- Also known as: Misuda; A Chat with Beauties; Chit Chat with Beautiful Ladies;
- Hangul: 미녀들의 수다
- Hanja: 美女들의 수다
- RR: Minyeodeurui suda
- MR: Minyŏdŭrŭi suda
- Genre: Talk show
- Country of origin: South Korea
- Original language: Korean
- No. of seasons: 2

Production
- Production company: Korean Broadcasting System

Original release
- Network: KBS 2TV
- Release: November 26, 2006 – May 3, 2010

= Global Talk Show =

South Korean television program

Global Talk Show, also known as Misuda, was a South Korean television program on Korean Broadcasting System (KBS). The show features a panel of foreign women residing in South Korea, usually as international students, who discussed their experiences and cultures in a talk show format in the Korean language. After high viewer ratings from its first broadcast on October 7, 2006 during the Chuseok holiday, it became a regularly broadcast program starting November 26, 2006. Its final episode was aired on Christmas 2010.

==Overview==
The show's name has been variously translated as Chat with Beauties, Chatting Beauties, Beauties's Chatterbox, or Misuda (a shortened version of its Korean name).
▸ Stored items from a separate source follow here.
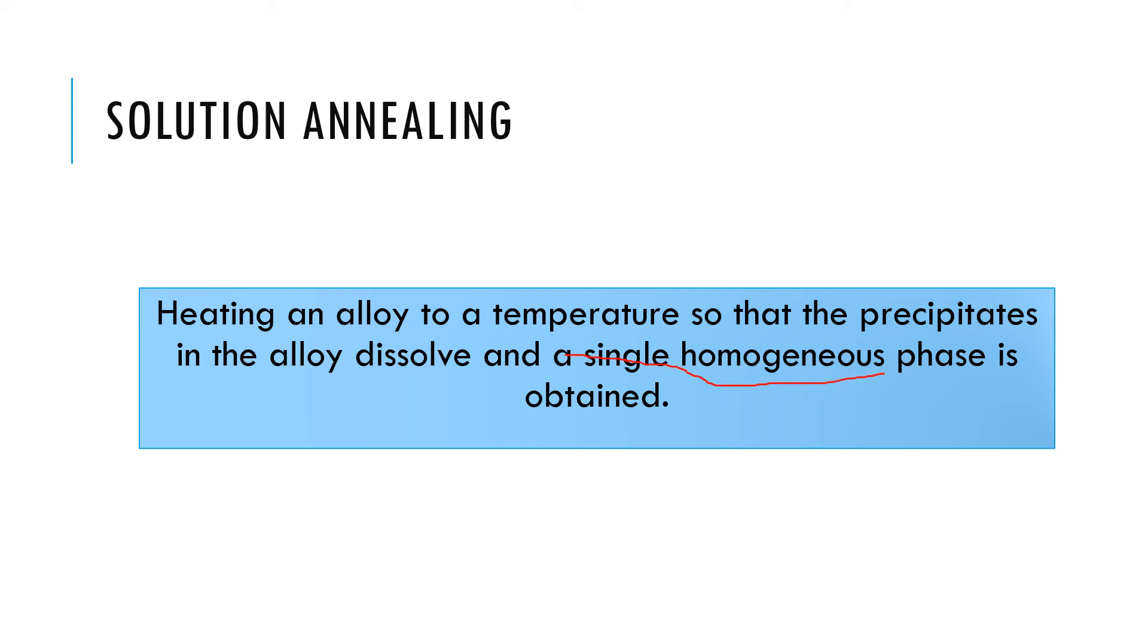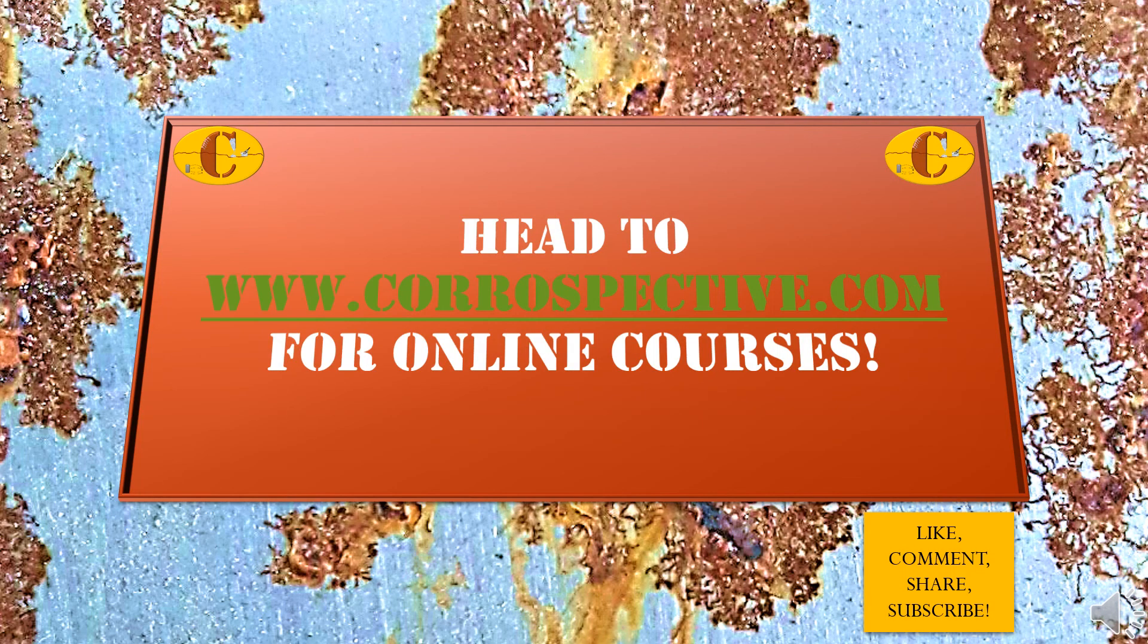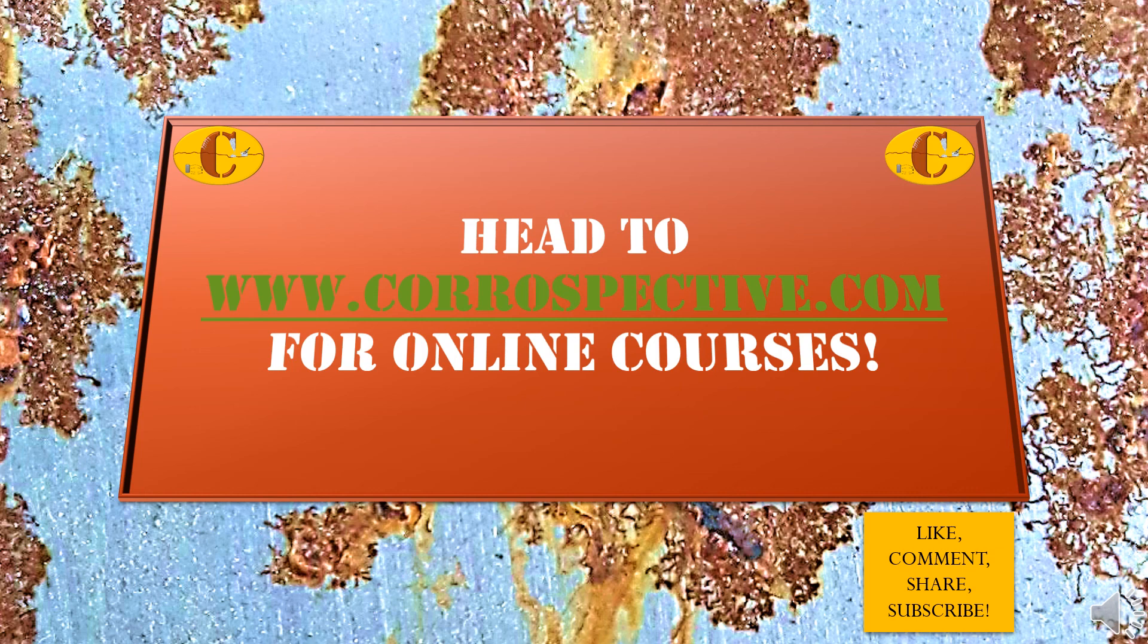So I hope this was useful. Please go to the website corrospective.com for new online courses. Enjoy attending the courses as well. Thank you.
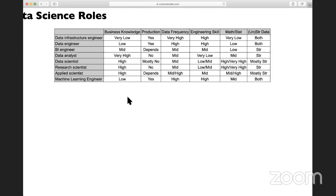In terms of engineering skill, engineers require a higher level of engineering skill. BI engineers are in the middle — somewhere between engineer and analyst — so they don't require as high engineering skill as other engineering roles. Data analysts usually require very low engineering skill: beyond some ad hoc analysis using R, Python, or even just SQL, that's about it.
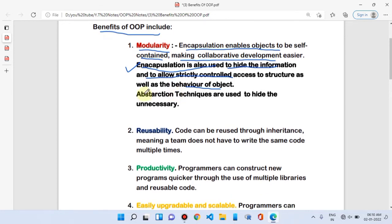The second feature related to modularity is abstraction. Abstraction techniques are used to hide unnecessary data. For example, if we have created a program and there is a line, object, or part that we do not want to show, in that case we will use the concept of abstraction.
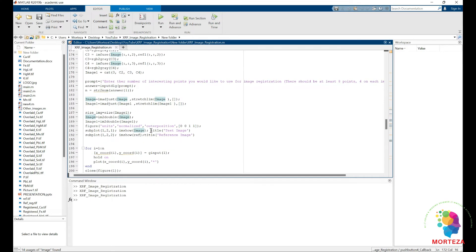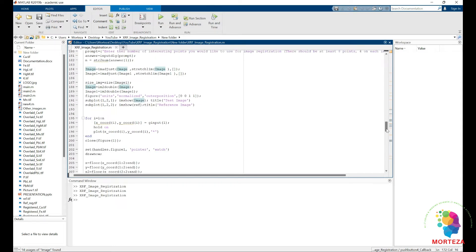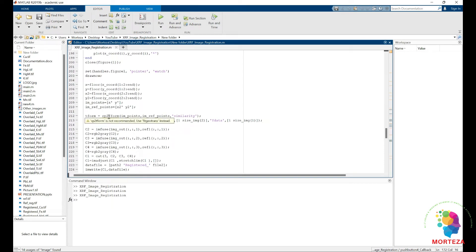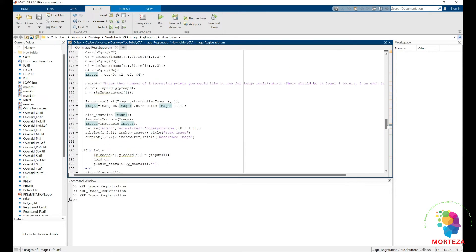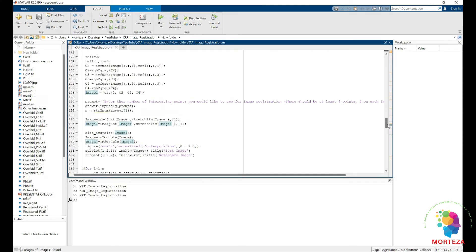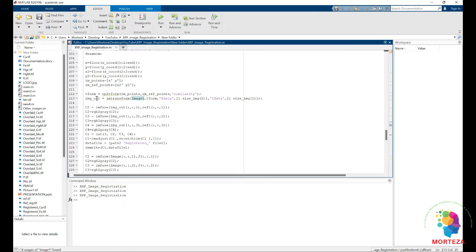Here is where the interesting common points are selected between the XRF image and the RGB image, and they are used to transform the image. This is the cp2tform function. The transformation matrix T-form is computed from the selected corresponding points between the reference and the XRF image. The matrix is then used to transform the enlarged XRF image, moving it to be at the same position as the reference image.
The show was hosted by Nam Hui-seok, a television personality and comedian. Later on, announcer Eom Ji-in joined as co-host, and eventually Lee Yun-seok and Seo Gyeong-seok became the final hosts. The song "Bring It All Back" by S Club 7 is played after the opening cut to the studio floor that follows the playing of the opening intro and the viewer advisory that it is a rated "15" program. Unlike most talk shows, Global Talk Show does not have a live studio audience and instead uses audience laughter and applause tracks as well as on-screen text and sound effects.

In 2009 the program came under attack, receiving widespread criticism by internet users after a student panelist labeled short men (men under 180 cm) as "losers". The program suffered a decline in popularity thereafter and was later cancelled. Nevertheless, the popularity of the program gave celebrity status within South Korea to some of the panelists. A portion of the program was also published as a book featuring the same subject.

==Countries==

===Asia===
- ARM
- AZE
- CHN
- GEO
- HKG
- IND
- IDN
- ISR
- JOR
- JPN
- KAZ
- KGZ
- MYS
- MNG
- IRQ
- NPL
- SGP
- THA
- TUR
- TWN
- UZB
- VNM

===Africa===
- CMR
- EGY
- ETH
- GAB
- KEN
- ZAF
- TUN

===Europe===
- AUT
- CZE
- ESP
- FIN
- FRA
- GBR
- DEU
- ITA
- POL
- RUS
- SWE
- UKR

===Americas===
- BRA
- CAN
- COL
- ECU
- MEX
- PRY
- USA
- GUA

===Oceania===
- AUS
- NZL
- GUM

==Notable alumnae==
Many Misuda graduates have gone on to become highly active in the entertainment industry both in Korea and abroad:
- Bronwyn Mullen and Sayuri Fujita regularly appear on KBS, SBS, and MBC.
- Vickie Eisenstein and Marie-Anne Pasquet have both appeared on KBS's Go Go! Korea Travelogue
- Annabelle Ambrose hosted the radio show Drivetime on tbs eFM with Sam Hammington.
- Vera Hohleiter published a book in Germany about her experiences in Korea, which was interpreted by many South Koreans to be unduly critical of their country.

==Other versions==
- YouTube once had a home recorded video of the "Korea Talk Show", with people from different provinces in South Korea. There were two episodes uploaded in 2009. The video was not very famous and has now been deleted by the user.
- Thailand has a Thai language version of this show on the Thai TV channel TV3 by the name of Sonthana Kham Ayu (สนทนาข้ามอายุ; "Discussion Over Age"), with its participants hailing from all over Thailand and grouped by age from 5-14, 15-24, 25-34, 35-44, 45-54 and 55+, with each age range represented by 1 to 2 people. The sign have the name and age range. The show premiered in May 2011.